Por la tarde se celebra la primera de las celebraciones del Triduo Santo; la Misa de la Cena del Señor. Cada uno de sus momentos se encuentra plagado de símbolos y referencias de las Sagradas Escrituras. Al término de la misma, el Cuerpo y Sangre de Cristo, la realdad sacramental y patente del catolicismo que supone la presencia de Cristo en la Eucaristía, es colocado en el Monumento, rodeado de las más preciadas joyas de orfebrería, además de las flores y algunas palmas del Domingo de Ramos, con las que resalta ésta presencia.
A últimas horas de la tarde se pone en marcha la Procesión de "la Pasión del Señor" que abarca las principales escenas de la muerte de Cristo, desde la Oración en el Huerto hasta la Soledad de su Madre.
Un organizado desfile lleno de luz, color, músicas y hermosas tallas.
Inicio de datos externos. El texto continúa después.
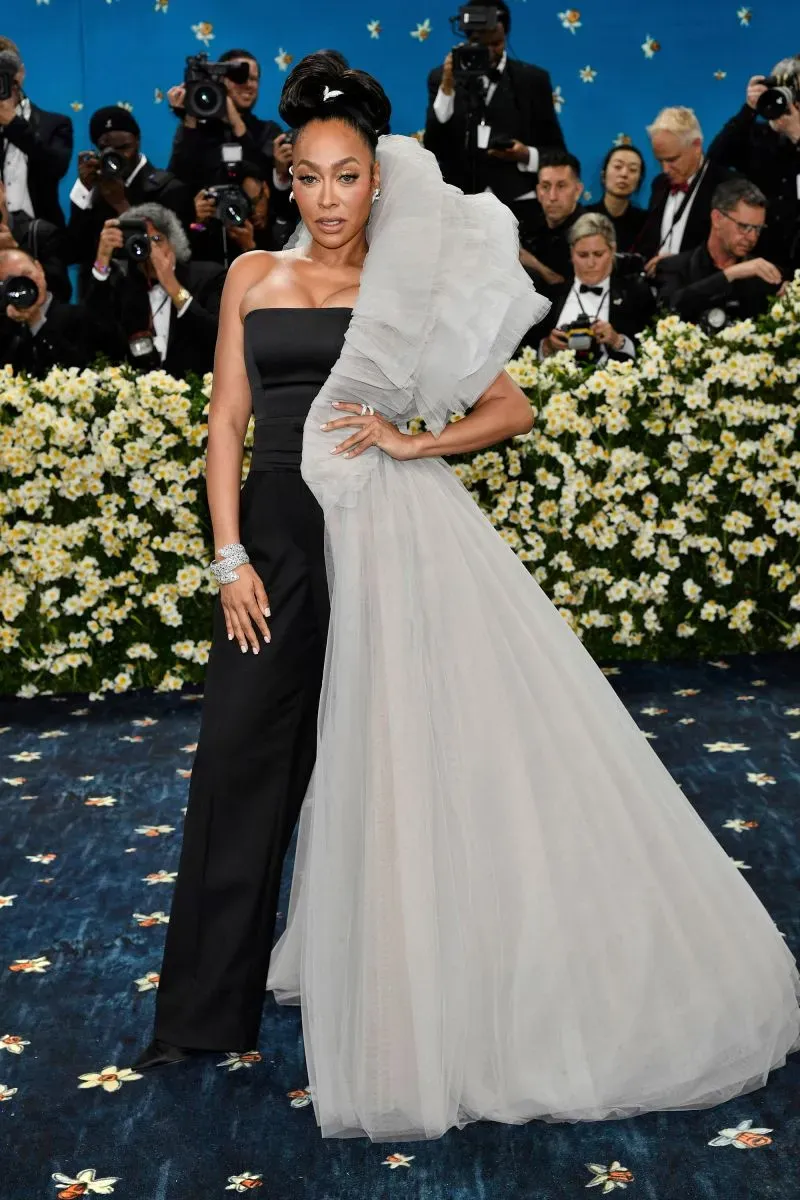 نجمة ترتدي فستاناً أنيقاً يجمع بين الأسود والرمادي مع تفاصيل درامية، تتوسط حفل الميت غالا في متحف متروبوليتان، محاطة بالصحفيين.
Comienza pausada, sin prisas...Es Cristo orando en el huerto, preso, azotado, coronado de espinas y sentenciado, nazareno, despojado, crucificado en su agonía, ensangrentado por la lanzada y puesto en brazos de su Madre, acompañado por un Pedro que lo niega tres veces, la Verónica que limpia su rostro, San Juan y Santa Maria Magdalena que acompañan a Maria en sus dolores...
Dos largas horas necesita el desfile, que a media noche se recoge en las naves basilicales de la Purísima.
A las doce de la noche, desde la pequeña Iglesia del "Hospitalico" parte la "Procesión del Silencio" que recorre el centro de la ciudad a oscuras. Solo el Paso del Cristo de la Paz, titular de la misma y los cirios de los nazarenos iluminan el recorrido. Testigo presencial es la Luna de Nisan, la luna llena que ilumina la noche del Jueves Santo.
A medida que avanza la procesión, se meditan las 14 estaciones del Vía Crucis, y el silencio es roto por el ronco sonido del tambor y las notas entrañables de las "Saetas del Silencio" (Anónimo del S. XVI) y originarias de la Hermandad del Silencio de la Capital Hispalense.
Cercana las tres de la madrugada termina la larga jornada del Jueves Santo.